Russian entomologist

Margarita Ervandovna Ter-Minassian (Маргарита Ервандовна Тер-Минасян; 16 May 1910 – 9 April 1995) was a Soviet entomologist and specialist for weevils (Curculionoidea) and seed beetles (Bruchinae). Her name is sometimes transliterated as Ter-Minasian or Ter-Minasyan.

==Biography==
Ter-Minassian was born in the German city of Leipzig, while her father was staying there for education. She got her secondary education in Echiadzin, and was a student at Yerevan State University from 1926. After graduating, she continued her education in 1932 at the Zoological Institute of the USSR Academy of Sciences in Leningrad, where she defended a candidate's dissertation in 1935.

In the 1930s, she married entomologist Andrey Andreevich Richter, with whom she had a daughter, Vera Andreevna Richter (Вера Андреевна Рихтер), who also became an entomologist.

After working in Leningrad as a senior researcher, she moved back to Yerevan when the Armenian National Academy of Sciences was founded in 19493 and she was nominated director of its Zoological Institute. During this time, she also taught courses at Yerevan State University and was granted full professorship in 1943.
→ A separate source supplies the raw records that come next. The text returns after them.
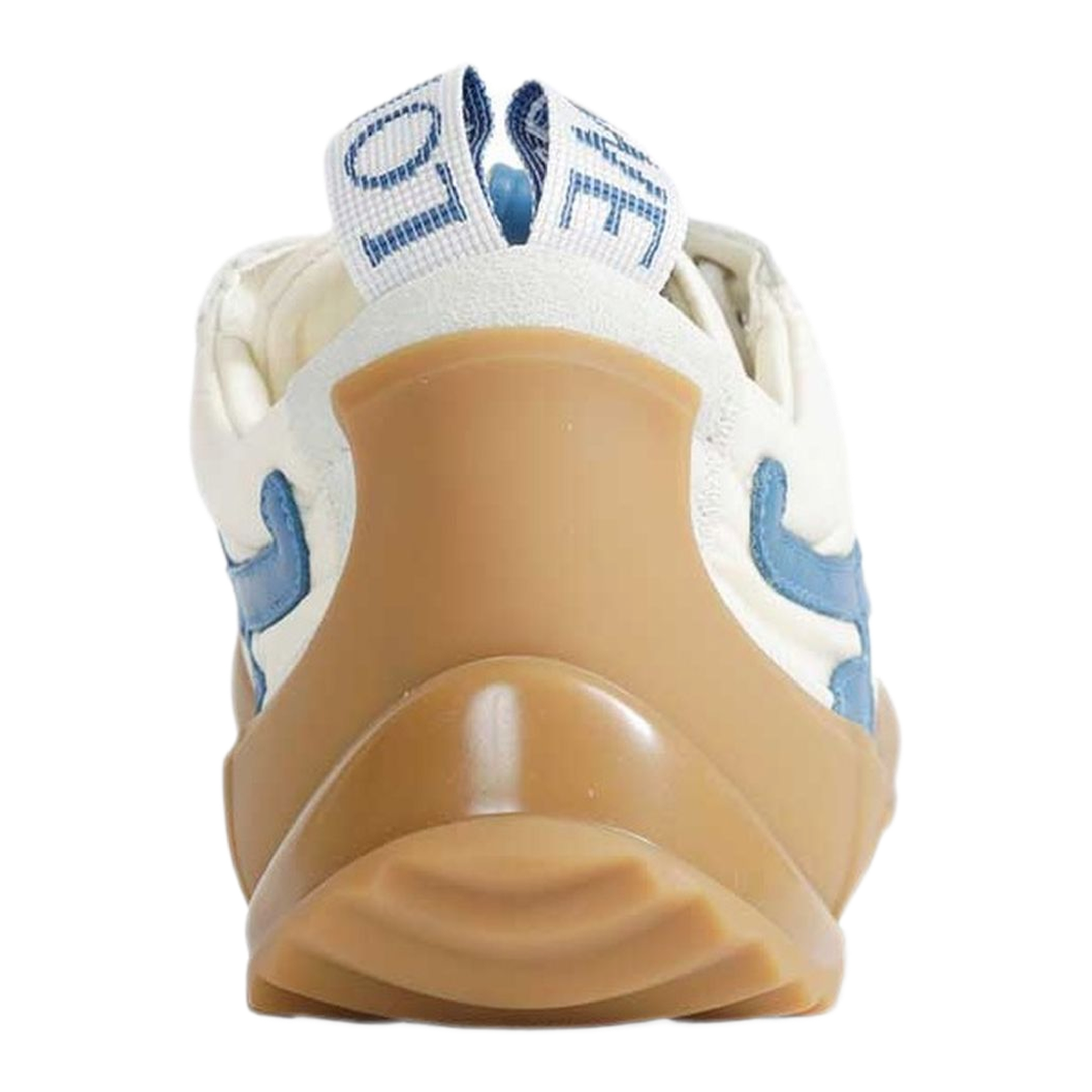 MAYFEYR - Loewe - Sneakers White - L815282XAZ2105
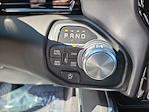 New 2025 Ram 1500 Laramie Crew Cab 4x4 Pickup for sale #SN693625 - photo 21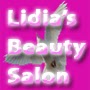 Photo of Lidia's Beauty Salon in Hempstead City, New York, United States - 2 Picture of Point of interest, Establishment, Health, Beauty salon, Hair care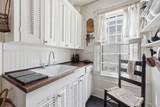 50 Charlotte St - Photo 40
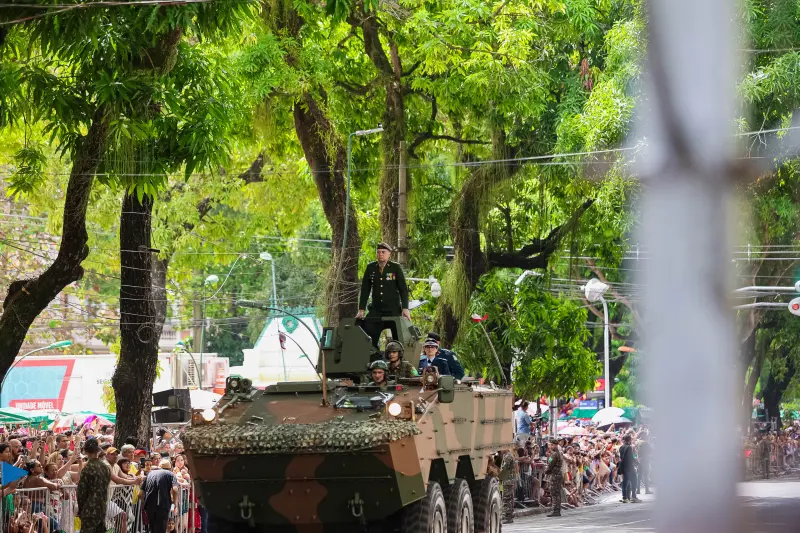  <div class='credito_fotos'>Foto: Bruno Cruz / Ag. Pará &nbsp;&nbsp;|&nbsp;&nbsp; <a href='/midias/2025/originais/20250907132723-GF00024760-F00440731.jpg' download><i class='fa-solid fa-download'></i> Download</a></div>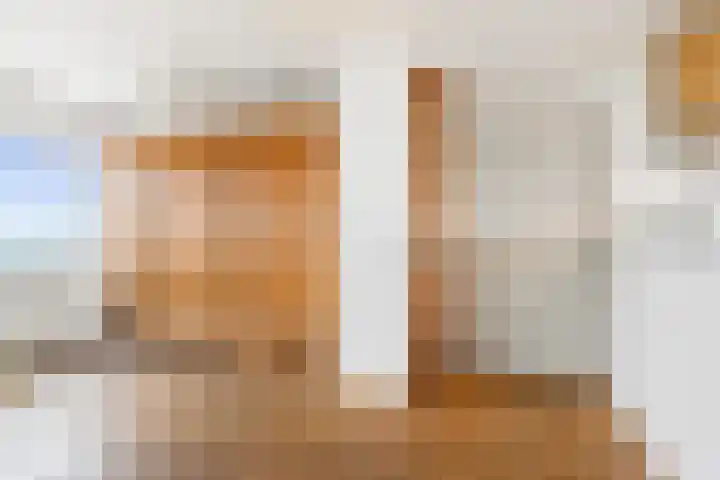 Tjerk Hiddesstraat 8 F 2 Zandvoort thumbnail 18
After 1950, she worked again at the USSR Academy of Sciences in Leningrad, where she continued her research even after her retirement.

During her career, she was specializing on seed beetles (Chrysomelidae: Bruchinae) and weevils (Coleoptera: Curculionoidea). She had a special interest in the weevil subfamily Lixinae, on which she published two important monographs. Altogether, she published more than 170 scientific works, mostly about taxonomy, zoogeography and evolution. She described at least 150 new species.

She was described as a "sociable and outgoing person" who also loved Armenian classical poetry.

==Selected bibliography==
- Ter-Minassian, M. E. (1967): Zhuki-dolgonosiki podsemejstva Cleoninae fauny SSSR. Tsvetozhily i stebleedy (triba Lixini). Nauka, Leningrad, 140 + 1 p. (English translation published as: Weevils of the Subfamily Cleoninae in the Fauna of the USSR. Tribe Lixini. USDA Agricultural Research Service, Washington, D. C. by Amerind Publishing Co. Pvt. Ltd., New Delhi, 1978. 166 pp.).
- Ter-Minasian M. E. (1988): Zhuki-dolgonosiki podsemeystva Cleoninae fauny SSSR: Kornevye dolgonosiki (triba Cleonini). Nauka, Leningrad, 235 p. (English translation of the title: Weevils of the Subfamily Cleoninae in the Fauna of the USSR. Tribe Cleonini.)